# Finding Acceleration with Unknown Force & Mass

mcdowellmg

## Homework Statement

"A certain force gives an object of mass m1 an acceleration of 12.2 m/s^2 and an object of mass m2 an acceleration of 4 m/s^2. What acceleration would the force give to an object of mass m2-m1, and also of an object of mass m2+m1?"

## Homework Equations

acceleration = force/mass

## The Attempt at a Solution

I deduced that a = F/(m2-m1). From there, I calculated that a*m2 = a*m1, because the F is the same throughout. I worked a little algebra...4*m2 = 12.2*m1, so 4/12.2*m2 = m1. That means that m1 is .32787 of m2, and thus m2 - m1 would leave an "m3" that is .67213 of m2. I tried to apply this to the acceleration by calculating .67213*4...getting an acceleration of 2.7, but that would mean m3 is greater than m2 in mass...which could not be possible. I guess I am getting a little lost in my own (il)logic. Any ideas?

Thanks!

Homework Helper
welcome to pf!

hi mcdowellmg! welcome to pf!

(try using the X2 and X2 icons just above the Reply box )
I deduced that a = F/(m2-m1).

uhh? what is a?

start again, and first convert the following words into two equations:
"A certain force gives an object of mass m1 an acceleration of 12.2 m/s^2 and an object of mass m2 an acceleration of 4 m/s^2.

mcdowellmg
a is acceleration, sorry!

12.2*m1 = F and 4*m2 = F, so I know that 12.2*m1 = 4*m2, because F is the same throughout.

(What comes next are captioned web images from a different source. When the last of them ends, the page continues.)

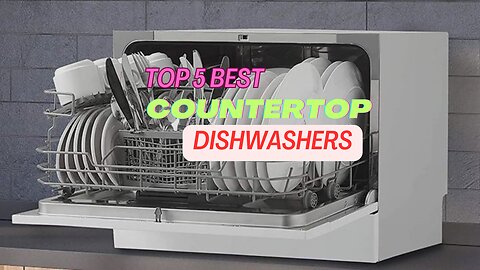 Top 5 Best Countertop Dishwashers review in 2024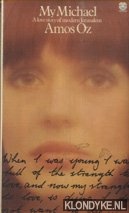 Oz, Amos - My Michael. A love story of modern Jerusalem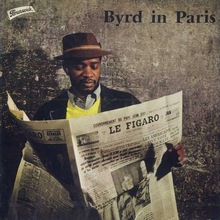 Byrd In Paris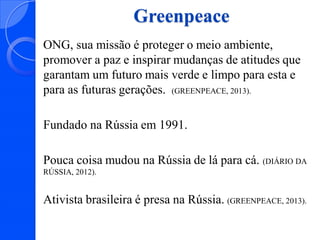 Greenpeace
ONG, sua missão é proteger o meio ambiente,
promover a paz e inspirar mudanças de atitudes que
garantam um futuro mais verde e limpo para esta e
para as futuras gerações. (GREENPEACE, 2013).

Fundado na Rússia em 1991.
Pouca coisa mudou na Rússia de lá para cá. (DIÁRIO DA
RÚSSIA, 2012).

Ativista brasileira é presa na Rússia. (GREENPEACE, 2013).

After that, I'm stuck...and frustrated!

Thanks!

Homework Helper
a is acceleration, sorry!

12.2*m1 = F and 4*m2 = F, so I know that 12.2*m1 = 4*m2, because F is the same throughout. After that, I'm stuck...and frustrated!

Thanks!
So m1= F/12.2 and m2= F/4. Now m1- m2= F/12.2- F/4= F/?

mcdowellmg
m2-m1 = F/8.2 ?

Am I not able to get an actual number?

Homework Helper
look at the question!!

it doesn't ask for m2 - m1, it only asks for the acceleration of such a mass

which is … ?

mcdowellmg
Oops! So it is as simple as subtracting the accelerations to get 8.2? I find that hard to believe! I guess I made it too complicated. Thanks.